Objective: Evaluate outcomes of intensive posthospital brain injury rehabilitation programs compared to supported living (SL) programs; explore variations in outcome by diagnostic category (traumatic brain injury, stroke, and other acquired brain injury [ABI]) and specific program type.

Setting: Data were obtained from Residential Neurobehavioral, Residential Neurorehabilitation, Home and Community Neurorehabilitation, Day Treatment, Outpatient Neurorehabilitation, and SL programs serving individuals with ABI.
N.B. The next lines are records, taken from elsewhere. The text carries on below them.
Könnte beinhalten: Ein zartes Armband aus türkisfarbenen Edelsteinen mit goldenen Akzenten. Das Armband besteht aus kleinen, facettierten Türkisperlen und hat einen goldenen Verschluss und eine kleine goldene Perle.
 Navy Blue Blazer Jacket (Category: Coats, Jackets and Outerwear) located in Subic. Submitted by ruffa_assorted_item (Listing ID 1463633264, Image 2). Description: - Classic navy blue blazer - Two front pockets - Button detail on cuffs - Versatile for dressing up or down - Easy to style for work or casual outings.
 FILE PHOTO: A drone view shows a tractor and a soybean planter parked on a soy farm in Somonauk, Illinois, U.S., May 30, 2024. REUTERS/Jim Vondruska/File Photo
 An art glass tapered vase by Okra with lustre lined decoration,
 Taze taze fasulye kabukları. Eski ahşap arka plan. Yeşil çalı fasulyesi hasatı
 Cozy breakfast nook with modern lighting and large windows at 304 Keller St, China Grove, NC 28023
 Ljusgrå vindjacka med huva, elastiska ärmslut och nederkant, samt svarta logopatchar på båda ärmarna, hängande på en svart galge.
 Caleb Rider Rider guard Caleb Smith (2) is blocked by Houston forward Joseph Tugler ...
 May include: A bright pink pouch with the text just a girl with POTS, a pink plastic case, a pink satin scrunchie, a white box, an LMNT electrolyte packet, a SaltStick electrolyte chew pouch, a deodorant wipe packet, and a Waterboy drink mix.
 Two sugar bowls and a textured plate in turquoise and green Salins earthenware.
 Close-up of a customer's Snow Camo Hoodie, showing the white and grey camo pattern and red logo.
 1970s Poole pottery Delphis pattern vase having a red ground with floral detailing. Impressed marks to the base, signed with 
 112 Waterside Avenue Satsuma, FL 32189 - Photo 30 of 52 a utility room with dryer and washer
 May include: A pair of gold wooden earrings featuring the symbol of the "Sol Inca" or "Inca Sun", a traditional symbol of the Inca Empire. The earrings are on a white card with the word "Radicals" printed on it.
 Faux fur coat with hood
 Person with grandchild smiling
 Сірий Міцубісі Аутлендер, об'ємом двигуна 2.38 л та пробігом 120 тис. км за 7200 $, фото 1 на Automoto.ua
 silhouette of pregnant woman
Participants: A total of 2120 individuals with traumatic brain injury, stroke, or other ABI participated in this study.

Main measures: The main measures are sex, age, time since injury, and Mayo-Portland Adaptability Inventory (4th edition; MPAI-4).

Design: Retrospective analyses of demographic variables and MPAI-4 Total, index, and subscale Rasch-derived T-scores on admission and discharge.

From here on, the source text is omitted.